Standard & Poor's Rating
During the 1830s the capital markets developed quickly thanks to the development and construction of the railroad industry in the United States. But the availability as well as the transparency of corporate records was limited and there was no third-party system in place to measure and analyze the financial strength of public and private companies involved in the industry. Investing in a new venture with a private company was a hit and miss venture. Investors didn't know the real financial health of any company in the railroad industry. Companies were operating with little or no capital, and investors were losing money because of that fact.
In 1860, Henry Varnum Poor published History of the Railroads and Canals in the United States. It was the first major attempt at compiling a comprehensive look into the operational and financial details of US railroads, which was the most capital-intense and largest industry in the United States at that time. Poor's first publication was well received, but his second publication, Manuals of the Railroads of the United States was a complete sell-out in 1868.
Poor decided to form a company with his son, Henry William Poor, that same year. The company's mission was to update the manual every year with new investor information since the railroad industry was constantly growing and changing in terms of participating companies and investment opportunities. The 442-page manual originally sold for $5 and contained pertinent information for investors but those investors needed current information to protect their financial interests. Company updates allowed them to chart the progress of different companies over the years.
In 1870, Henry Varnum Poor retired from the day-to-day activities of the company but continued to write about economic affairs and to help edit company manuals. Henry William Poor decided to open an insurance brokerage and banking firm after his father retired, which he called Poor and Company, an endeavor with which his father helped. Poor and Company eventually became one of the leading firms on Wall Street and held that position for the next 30 years.
In 1906, Luther Lee Blake recognized the need for a centralized and accurate financial information source for investors so he formed the Standardized Statistics Bureau, which focused on industries outside of the railroad industry. Blake published an annual bound volume and updated it yearly with 5x7" index cards so investors could continually update investment information. In 1913, Standardized Statistics bought Babson Stock and Bond Card System, which published financial information about stocks and bonds on cards similar to the cards Blake used at Standardized Statistics.
One of the former owners of Babson Stock and Card bought Moody Manual Company in 1914 and he began negotiations to buy Poor's Railroad Manual Company. In 1919, Moody Manual and Poor's Railroad Manual merged; the new company was called Poor's Publishing Company. In 1922, Poor's Publishing and Standard Statistics begin rating municipal securities and corporate bonds, and in 1923 Standard Statistics developed its first stock market index, which covered 233 US-based companies. The index was computed weekly and was the first widely published capitalization weighed report.
Standard Statistics continued to offer new tools and in 1926 the first 90-stock composite price index was computed daily. The stock market crash took its toll on Poor's Publishing and it went bankrupt. A Babson relative, Paul Babson, refinanced the company and acquired most of the stock in the company after the crash.
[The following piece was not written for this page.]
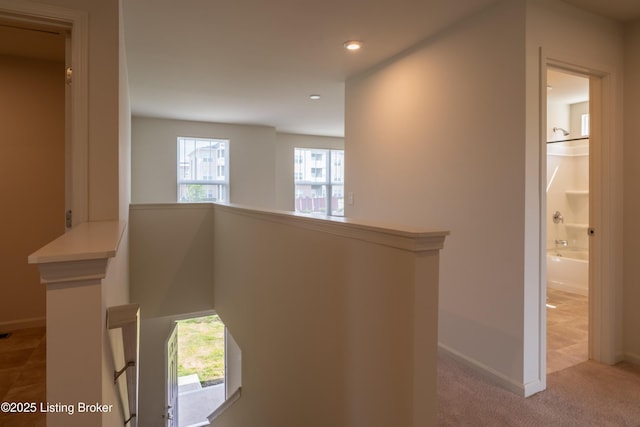 7618 Fair Ln, Louisville, KY 40291 - corridor with an upstairs landing, healthy amount of natural light, recessed lighting, and baseboards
In 1941, Standard Statistics merged with Poor's Publishing and formed Standard and Poor's Corporation. Standard and Poor's published a new bond guide that year, which contained 7,000 municipal bond ratings. In nine short years, and after surviving the effects of a world war, Standard and Poor's had combined subscriptions of over $5 million, a figure that doubled in the next nine years.
The S&P stock index was introduced in 1957, and in 1962 Standard and Poor's became a publically traded company. In 1966 Standard and Poor's was bought by McGraw-Hill Publishing Company.
Over 150 years later, Standard and Poor's has offices in 23 countries, publishes more than 870,000 new and revised credit ratings, rates more than $32 trillion in outstanding debt and is widely known for maintaining one of the largest indices of large-cap stocks, the S&P 500, which celebrated its 55th anniversary in 2012.